- [WHAT YOU HAVE TO DO] Which lines run from the one containing "Kỵ Sĩ Trong Vòng Cấm Chapter 84 - Trang 2" through the end of the material? Reproduce them exactly.

*** Opening DATA RECORDS ***

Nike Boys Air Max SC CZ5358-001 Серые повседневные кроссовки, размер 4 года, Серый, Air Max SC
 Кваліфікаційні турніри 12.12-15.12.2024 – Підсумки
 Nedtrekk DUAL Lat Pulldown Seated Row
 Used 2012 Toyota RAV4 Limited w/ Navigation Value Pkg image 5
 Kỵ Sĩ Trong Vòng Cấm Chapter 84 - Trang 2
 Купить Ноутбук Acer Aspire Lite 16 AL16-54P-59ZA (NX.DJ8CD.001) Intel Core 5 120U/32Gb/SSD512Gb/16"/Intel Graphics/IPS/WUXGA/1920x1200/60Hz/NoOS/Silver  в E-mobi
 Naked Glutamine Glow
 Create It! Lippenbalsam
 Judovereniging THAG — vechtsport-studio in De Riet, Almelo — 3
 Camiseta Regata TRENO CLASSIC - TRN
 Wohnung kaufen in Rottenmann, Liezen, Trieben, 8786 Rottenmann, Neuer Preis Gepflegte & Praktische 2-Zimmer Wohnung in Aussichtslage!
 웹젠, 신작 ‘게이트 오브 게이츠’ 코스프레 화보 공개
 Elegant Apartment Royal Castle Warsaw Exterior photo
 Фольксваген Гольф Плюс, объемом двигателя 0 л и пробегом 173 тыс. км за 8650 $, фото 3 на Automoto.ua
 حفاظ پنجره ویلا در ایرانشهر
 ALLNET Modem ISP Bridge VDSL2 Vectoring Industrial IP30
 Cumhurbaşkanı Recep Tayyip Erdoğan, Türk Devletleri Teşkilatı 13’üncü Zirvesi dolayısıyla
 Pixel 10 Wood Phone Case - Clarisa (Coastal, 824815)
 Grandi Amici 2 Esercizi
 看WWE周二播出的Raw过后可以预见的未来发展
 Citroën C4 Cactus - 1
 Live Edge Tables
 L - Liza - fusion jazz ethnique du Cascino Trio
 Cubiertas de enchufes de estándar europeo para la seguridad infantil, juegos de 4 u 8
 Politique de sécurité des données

*** Closing DATA RECORDS ***

- [ANSWER SECTION]
 Kỵ Sĩ Trong Vòng Cấm Chapter 84 - Trang 2
 Купить Ноутбук Acer Aspire Lite 16 AL16-54P-59ZA (NX.DJ8CD.001) Intel Core 5 120U/32Gb/SSD512Gb/16"/Intel Graphics/IPS/WUXGA/1920x1200/60Hz/NoOS/Silver  в E-mobi
 Naked Glutamine Glow
 Create It! Lippenbalsam
 Judovereniging THAG — vechtsport-studio in De Riet, Almelo — 3
 Camiseta Regata TRENO CLASSIC - TRN
 Wohnung kaufen in Rottenmann, Liezen, Trieben, 8786 Rottenmann, Neuer Preis Gepflegte & Praktische 2-Zimmer Wohnung in Aussichtslage!
 웹젠, 신작 ‘게이트 오브 게이츠’ 코스프레 화보 공개
 Elegant Apartment Royal Castle Warsaw Exterior photo
 Фольксваген Гольф Плюс, объемом двигателя 0 л и пробегом 173 тыс. км за 8650 $, фото 3 на Automoto.ua
 حفاظ پنجره ویلا در ایرانشهر
 ALLNET Modem ISP Bridge VDSL2 Vectoring Industrial IP30
 Cumhurbaşkanı Recep Tayyip Erdoğan, Türk Devletleri Teşkilatı 13’üncü Zirvesi dolayısıyla
 Pixel 10 Wood Phone Case - Clarisa (Coastal, 824815)
 Grandi Amici 2 Esercizi
 看WWE周二播出的Raw过后可以预见的未来发展
 Citroën C4 Cactus - 1
 Live Edge Tables
 L - Liza - fusion jazz ethnique du Cascino Trio
 Cubiertas de enchufes de estándar europeo para la seguridad infantil, juegos de 4 u 8
 Politique de sécurité des données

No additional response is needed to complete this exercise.